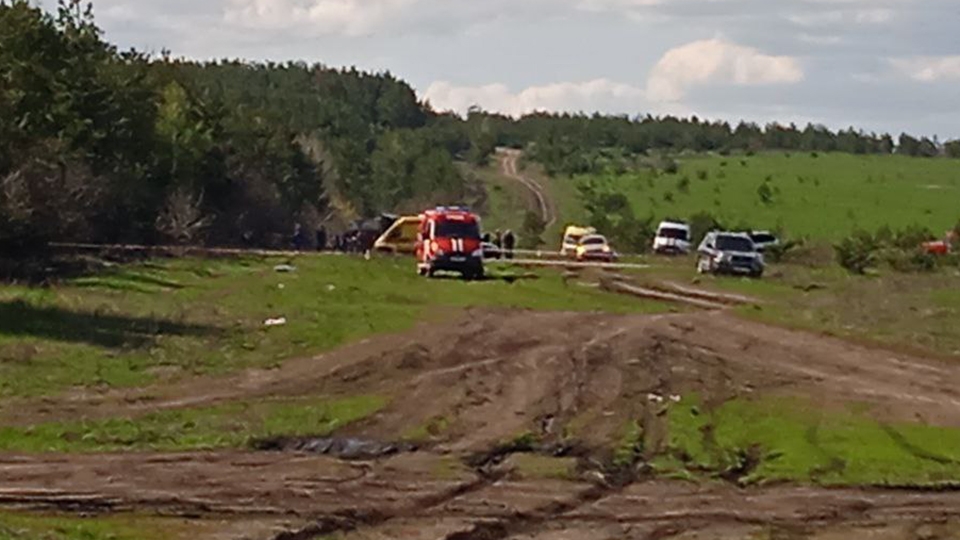 В Саратове на Кумысной поляне упал вертолет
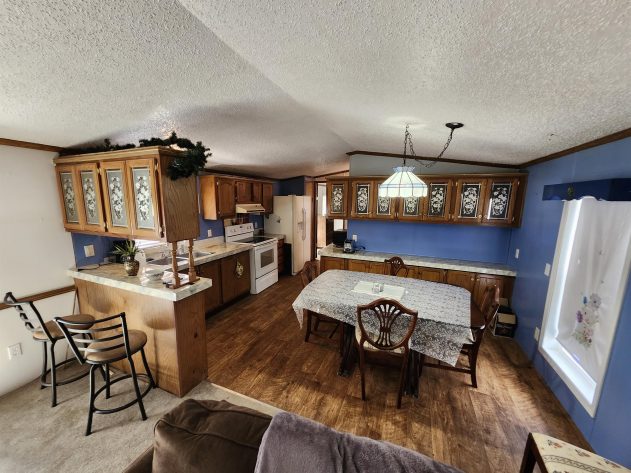 Melrose Village - Image 9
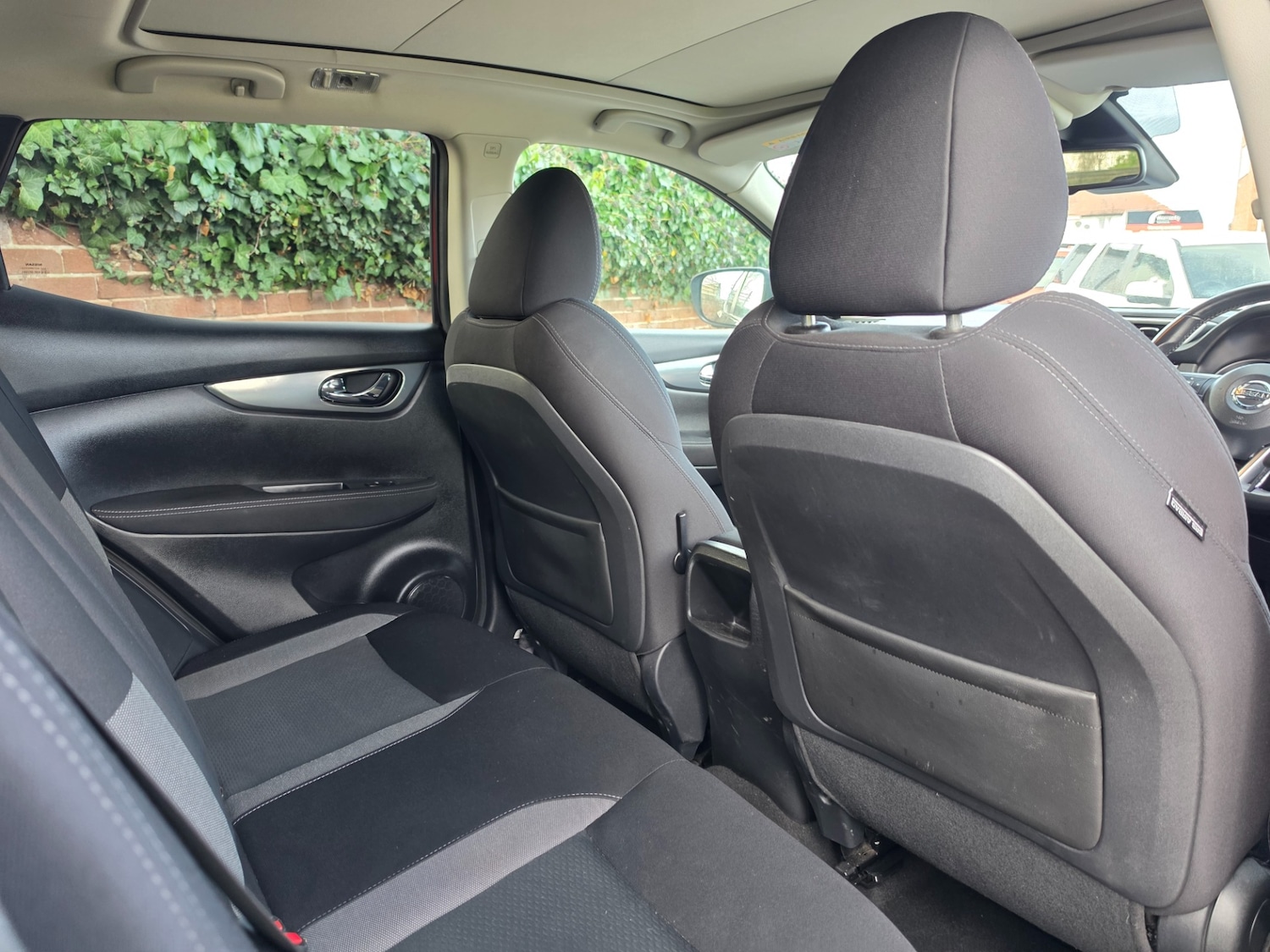 Used Nissan Qashqai 2018 for sale - 77880782: Photo 11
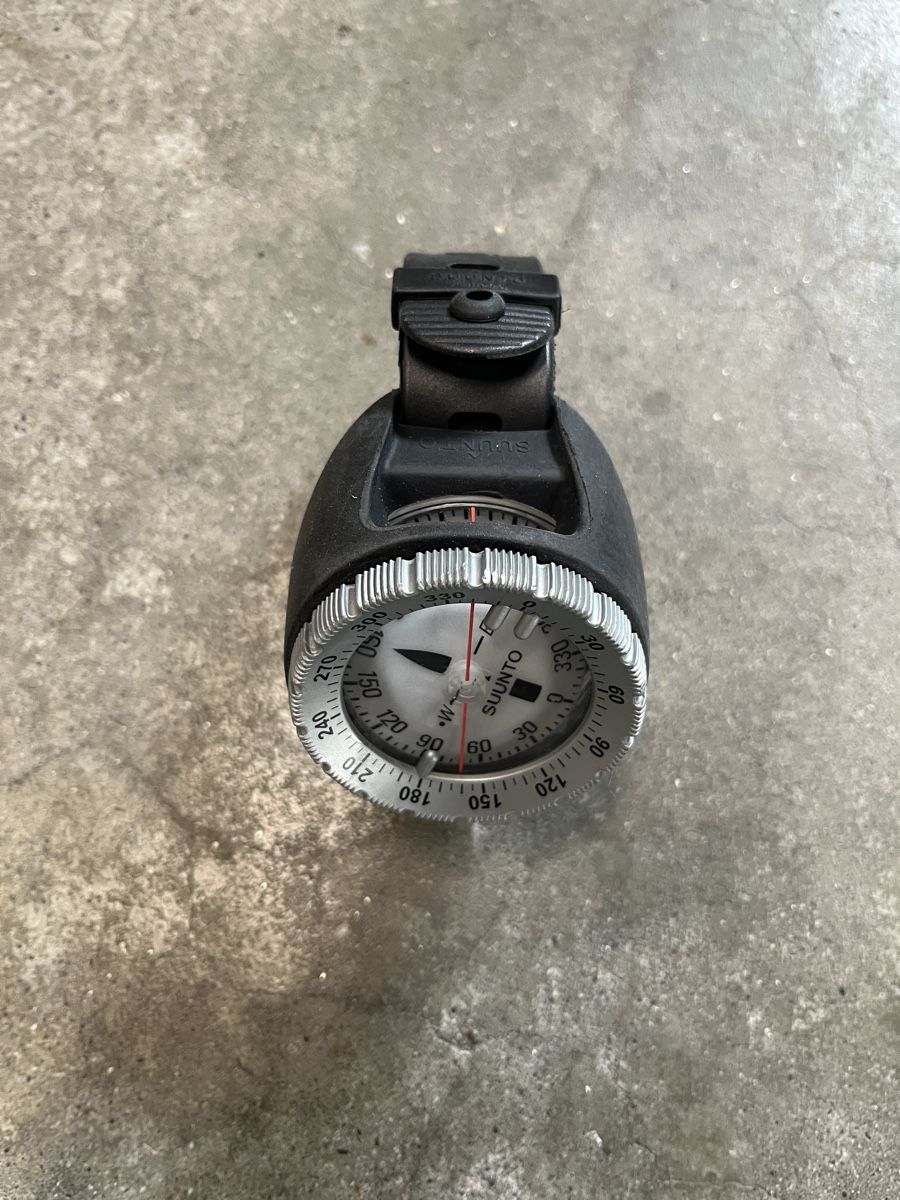 Suunto GPS & Strumenti di misurazione: Tauchkompass Marke Suunto – Usato da Widnau venduto da huno01 4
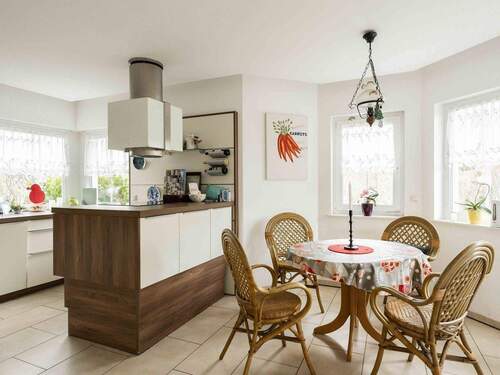 Küche mit Eßbereich - 4 Zimmer Einfamilienhaus in Michendorf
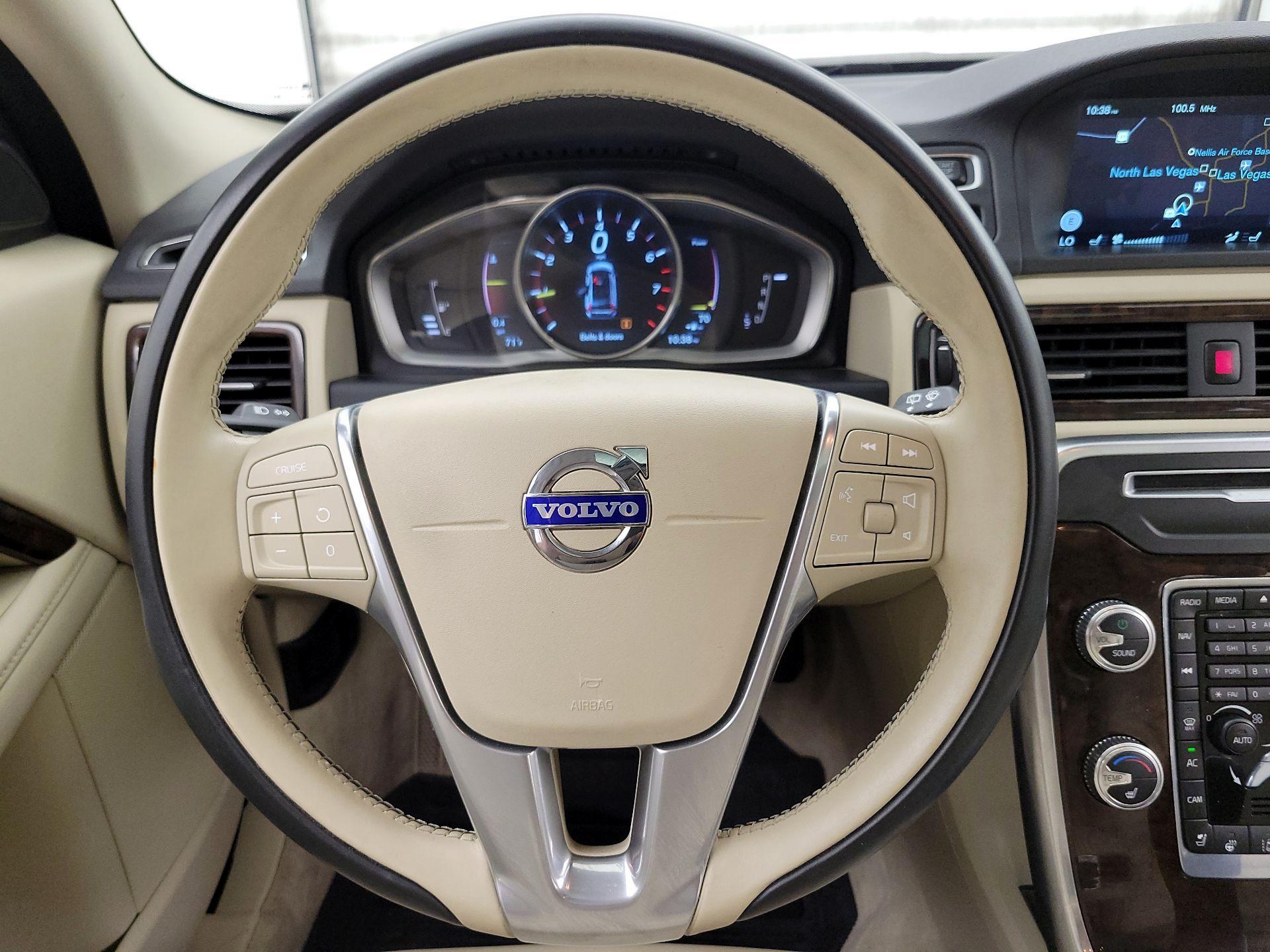 Thumbnail: 2015 Volvo XC70 - 10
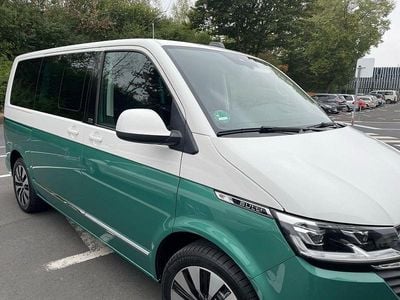 Gebraucht VW Multivan 204 PS (150 kW) 2022 Grün Van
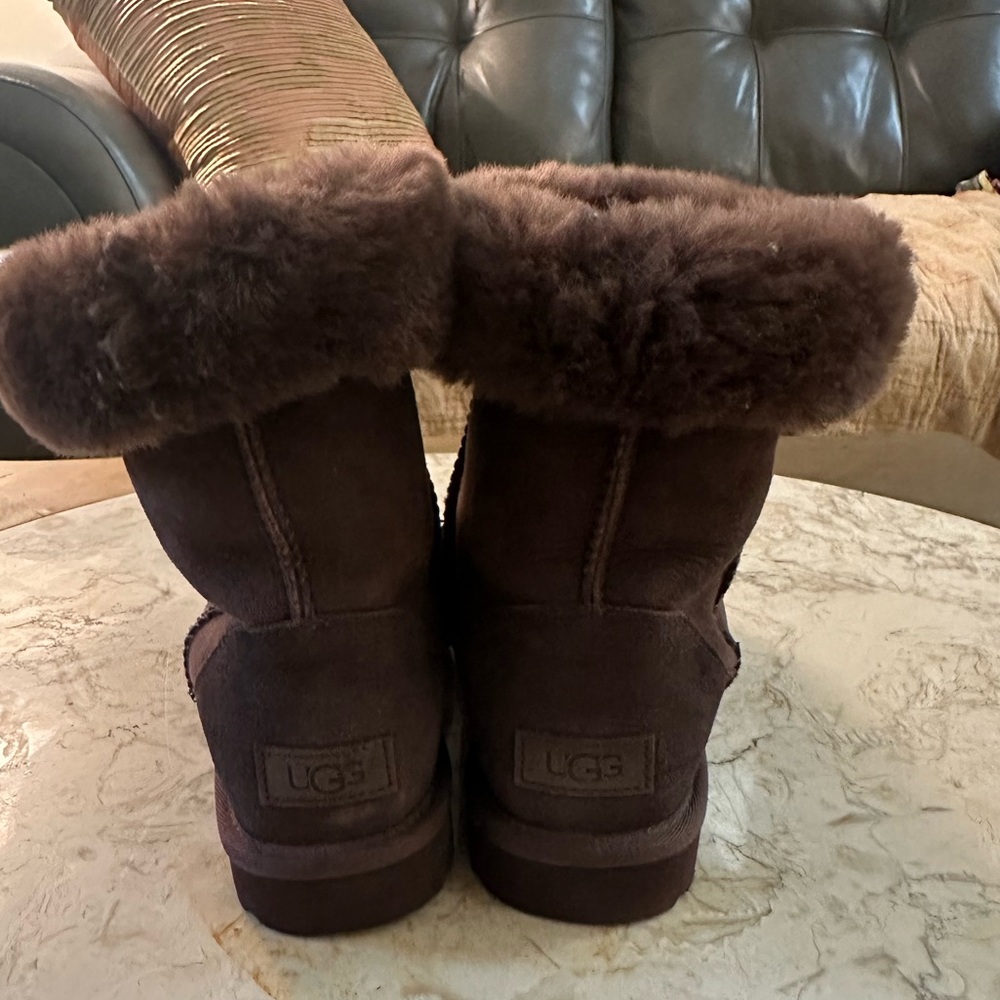 Women’s Uggs Size 7 ✨🥾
━━━━━━━━━━━━━━━━
> _PROBLEM DETAILS_: Retype the entries above exactly. Stop after the line containing "Thumbnail: 2015 Volvo XC70 - 10", and omit the pictures.

> _REPLY_:
 В Саратове на Кумысной поляне упал вертолет
 Melrose Village - Image 9
 Used Nissan Qashqai 2018 for sale - 77880782: Photo 11
 Suunto GPS & Strumenti di misurazione: Tauchkompass Marke Suunto – Usato da Widnau venduto da huno01 4
 Küche mit Eßbereich - 4 Zimmer Einfamilienhaus in Michendorf
 Thumbnail: 2015 Volvo XC70 - 10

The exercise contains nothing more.